The reason the probabilities vary so greatly in rummy and poker with a standard deck of cards is that the number of cards in each suit varies in a 3-to-1 ratio to the number of suits.

No, I would stick with 3,4,5 or even 6-card combos (depending on hand size), but make the benefit for completing them relatively even (only slightly better for getting 4-of-a-kind than 3-of-a-kind). If you do not, your slippery-slope mechanic would unbalance the game too often.

For example - let us say that the chance of getting 6-of-a-kind (or a 3-3-3-2-2-1 combo, or whatever combo you chose) is 1,520,386 times LESS LIKELY than getting a 3-of-a-kind. Would you make your player get over one million more of the benefit just because he got the luck of the draw? It seems ridiculous, but when dealing with probability - it happens.

Look at the back of a "Quick Draw" lottery ticket (or review the odds for KENO - it's the same game). You will notice that getting 10 numbers right pays out $500,000 in some cases, but getting 8 numbers right pays $50,000. That's a $450,000 difference for getting 2 more numbers right.

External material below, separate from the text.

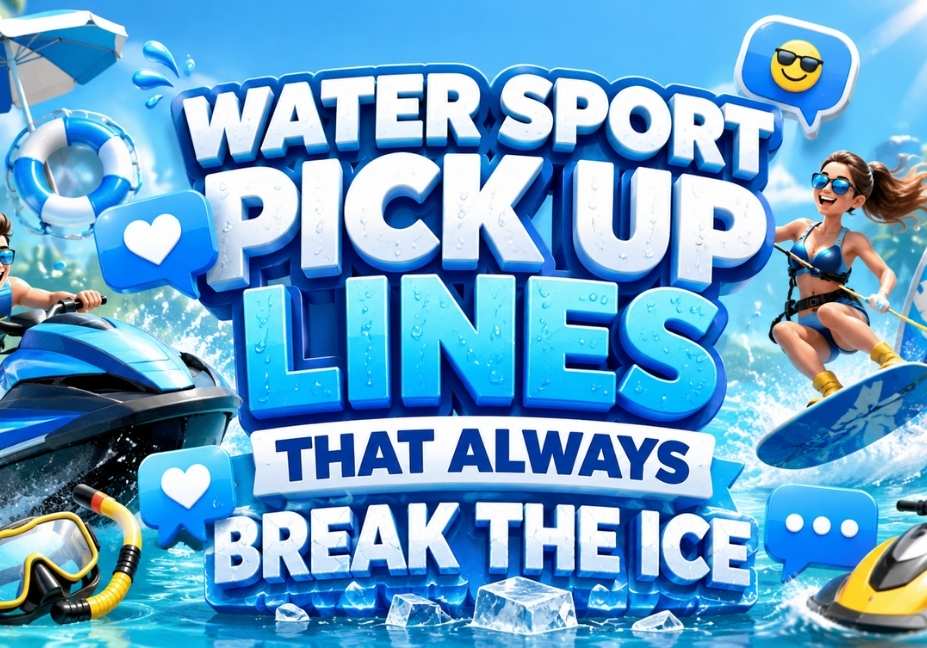 Water Sport Pick Up Lines That Always Break the Ice featured image with sky blue 3D text, jet ski, wakeboarding, surfboard, snorkeling gear, ocean waves, and fun summer water sports icons in a vibrant 16:9 design.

The difference between getting 1 number right and getting 3 numbers right (still only a 2-number difference)? $2.

I would make a set of payouts that are relatively balanced FIRST, and assign them to the cards in a RELATIVE way (i.e. - 4-of-a-kind is harder to get than 1-2-3, so assign it a "better" payout), not an ABSOLUTE SCALED way (as stated above - so that someone on their first turn gets $1 for playing a 3-of-a-kind and the opponent, on their first turn, gets over $1,000,000 based on their lucky hand - the game would not necessitate a second turn at that point). This will keep the game balanced and make runaways less likely.

That said, and regarding the "quest":

If there is another overall objective inherent in the game (some arc-story-driven quest), you might want to add a choice when completing smaller objectives -

help yourself (collect some payout)

or hinder the opponent (make them discard cards or even a completed objective).

You could then allow the player to do BOTH if they complete a difficult combination, as rated by the previously discussed probability valuation.

This would allow complexity and strategy for gameplay without limiting turn options, and still allow for use of the probability valuation.

Yes, or even, if you think that's still unbalanced, try

3 cards = 1 pt
4 cards = 3 pts
5 cards = 6 pts

because, in addition to completing harder combinations, you're limiting further options (for each 3 five-card combos, you COULD complete 5 three-card combos).

The idea is to use the probability to create a scale, not to create a gauge. A scale is a relative rating which can be "scaled" up or down to fit a set of parameters. A gauge is an absolute reference, which tells you exactly where something is relative to something else.

Also, I like your idea of having the light/dark combos have different meanings or playability in the game. I look forward to seeing how it turns out!